As Johnny adds footnotes to The Navidson Record, he continuously tells the reader that most of the sources don’t actually exist, and his research turned up no evidence of any of the people involved in the project. Again, it is unclear if this is because it does not exist to him, or to us, or both.
At the center of the tale is, of course, The Navidson Record itself, a story told through Hi 8 footage, cassette recordings, interviews, journal entries, and critical analysis. Will Navidson, his family, and all those he brings into his terrifying discovery of a house with continuously shifting dimensions and intentions, all react very differently to events, both at the surface and deeper down, where the house leaves its mark. Deeper still, the Navidson Record is really two stories: that of the wonders of the house and what it means/where it came from, and the enduring relationship of Will and his partner Karen. Taken separately, they are both fascinating, rewarding stories, one relying on the supernatural, and the other, something more sublime. Taken together, the tale seems to send a deeper message, about the restorative and unshakeable nature of love itself. Will and Karen are not necessarily sympathetic characters, but your sense of what drives them toward one another is nothing short of magnetic.

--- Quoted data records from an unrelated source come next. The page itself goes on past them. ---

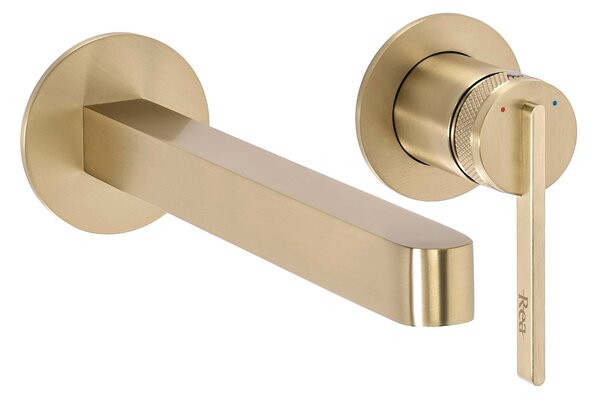 Falra szerelhető csaptelep REA Grace Brush Gold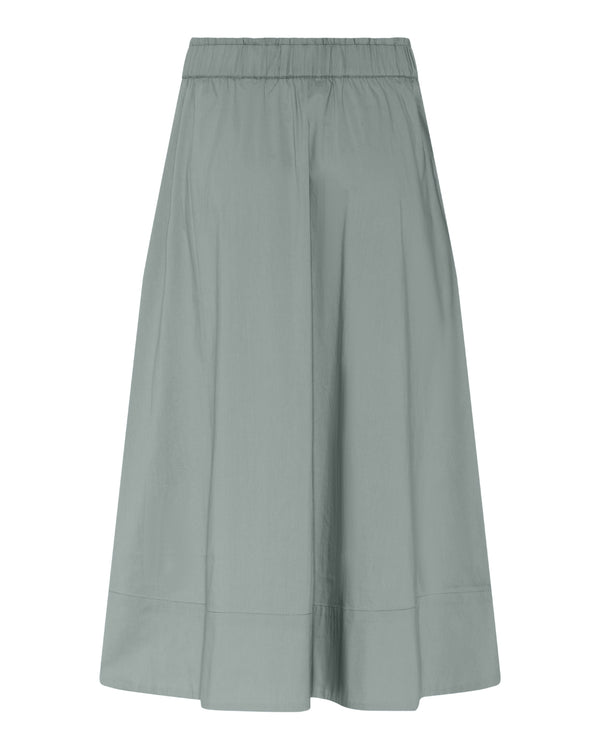 LA ROUGE ApS NOOS - Vilma Skirt Skirt Faded Green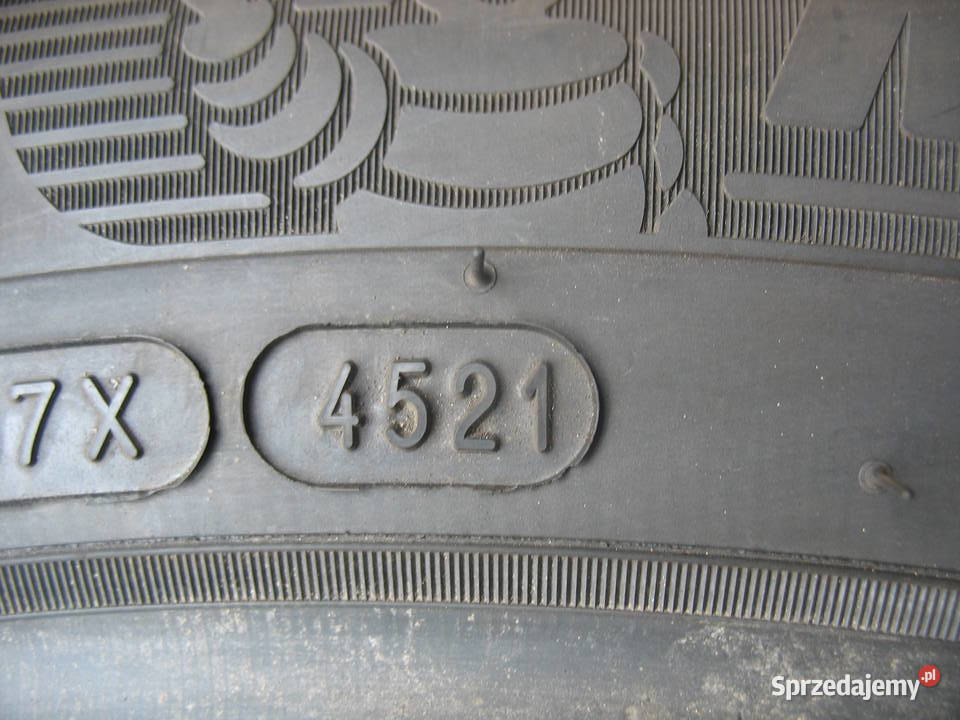 komplet opon Michelin 17565R17 z Toyoty Aygo X Łazy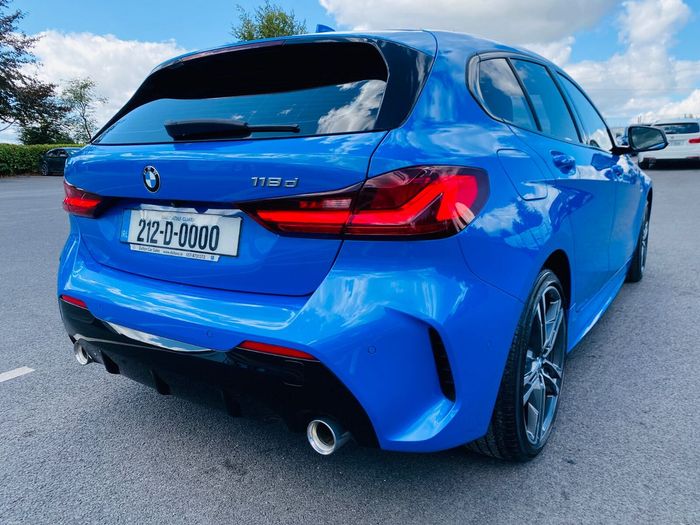 BMW 1 Series 2021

Layered in through the 700+ pages were exhaustive source notes, quotes, psychological analysis, and all manner of detail that, while overwhelming to the reader, helped to bring this into something cohesive. Dare I say it, real. Was it all necessary? Not to tell the story, no. But I suspect the author wanted to do far more here than simply tell a story. He wanted to leave his readers changed. Questioning.
I could dive in further, but, truly, this isn’t a book I can explain effectively to others. My husband asked me what it was about, and I started to tell him, then came up short. Read it for yourself. Push past the slow parts and rest assured, every detail, every word, every layer is part of this tremendously powerful and delicate dance.
Bravo, Mr. Danieleswki.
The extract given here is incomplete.